Orinduik oil discoveries similar to Venezuela, Brazil crude

…as operators eye 2 dozen leads for 2020

Tests carried out on samples from the recent successful oil discoveries by Tullow and its Joint Venture (JV) partners in the Orinduik block in Guyana’s offshore Exclusive Economic Zone have found that the oil is not dissimilar to the commercial heavy crudes currently in production in the North Sea, Gulf of Mexico, the Campos Basin in Brazil, Venezuela and Angola.
As such, a third-party consultant with heavy oil development and economics expertise is being engaged “to help conduct preliminary evaluations related to production schemes and commercialisation”.
This was announced this past week by Eco Atlantic Oil and Gas Limited—15 per cent share partner in the Orinduik block.
According to that company, JV partners are eyeing at least 22 wells in the coming year with half of those holding greater than 30 per cent chance of success.
The Orinduik JV partners are Eco Atlantic, Tullow Guyana – which is the operator with a 60 per cent stake— and Total Exploration and Production Guyana, which holds the remaining 25 per cent.
The minority partner this week in providing its most recent Unaudited Results and Corporate Update, claims to be ready to put in its US$120M share of the investments needed for this year.
It was noted too that technical and commercial evaluation work is ongoing and the company is considering alternatives for further drilling and testing and a number of development scenarios and production alternatives.

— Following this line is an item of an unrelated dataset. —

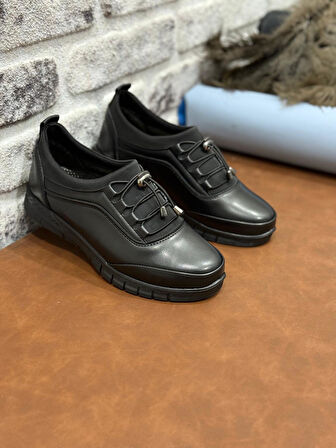 Elissaa Ortopedik Rahat Hafif Yumuşak Kadın Anne Ayakkabısı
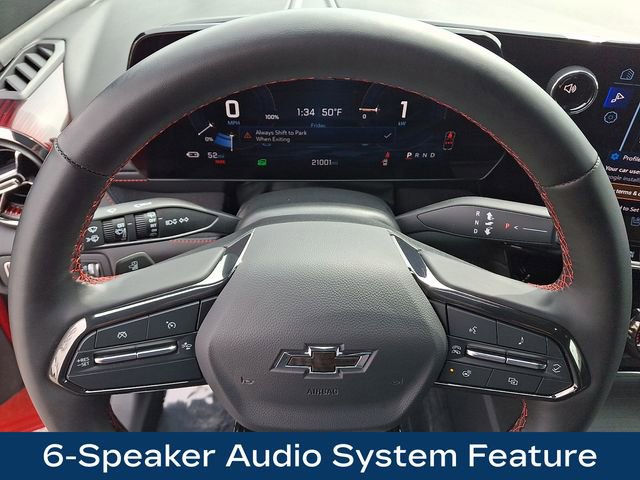 Used 2024 Chevrolet Blazer EV RS AWD/4WD image 4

Providing an outlook for the Guyana operations, it was reported that the block operator has proposed a further fine-tuning analysis of the upper cretaceous reservoirs, and the operator has announced a plan to incorporate the Carapa well data into Orinduik’s existing geological models and technical analysis over the coming period.
Further, the partners are said to have a plan to integrate the discoveries at Jethro and Joe with the Carapa discovery with the rest of the regional data now available and to incorporate this data into a reprocessing of the 3D seismic already shot on Orinduik.
“The intent is to provide further definition to the Cretaceous interpretation and target selection for drilling”.
According to the company, “multiple prospects are currently being reviewed with high-graded candidates under consideration for the next drilling programme. Eco is fully-funded and is pushing to drill a minimum of at least one upper Cretaceous target as soon as practically possible for its partners”.
It was disclosed too that consideration is being given to prioritising a stacked multi-target well.